Star Tracker Sequence
An amazing sequence of Moon images in earthshine was taken by SMART-1 star trackers number 1 on 1 September 2006 from a height of 600 km. The images are presented as they were acquired, without additional processing.
In the final phases before impact, and as a nice add-on to the mission outcome so far, the SMART-1 scientists and the flight control team took the opportunity to test a fast tracking imaging mode with the star tracker, normally used to re-orient the spacecraft in space, and take an additional look at the Moon while the spacecraft is getting steadily closer.
The images show a beautiful dark Moon illuminated only by the light coming from Earth. SMART-1's star tracker gathered this sequence from 12:15 to 13:06 UT on 1 September, during a slew manoeuvre aimed at starting the next imaging session with the AMIE camera on board the spacecraft.
The constellations visible at the beginning of the sequence (when the star tracker started taking images) are Corona Australis and Sagittarius. Then, as the spacecraft continues its slew, the Moon's disk illuminated by earthshine starts to appear in its full beauty.

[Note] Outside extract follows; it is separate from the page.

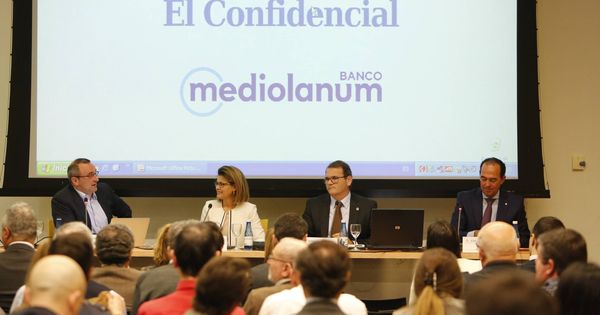 Foto: Mesa de debate El Confidencial y Banco Mediolanum en Forinvest. (Alberto Sáiz)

The dark highland areas correspond to flat mare basalts, about 3 thousand million years old. The bright spots on the surface correspond to relatively young craters, with fresh material brought to the surface by lunar impacts.
Approximately half-way through the sequence, it is possible to see a remarkable feature - an impact crater (a bright circle in the top right) and the elongated shapes of ejected material extending radially outward. At the end of the sequence it is possible to see highland reliefs in an oblique view.
When taking these images, SMART-1 was flying at about 600 kilometres altitude over the lunar surface.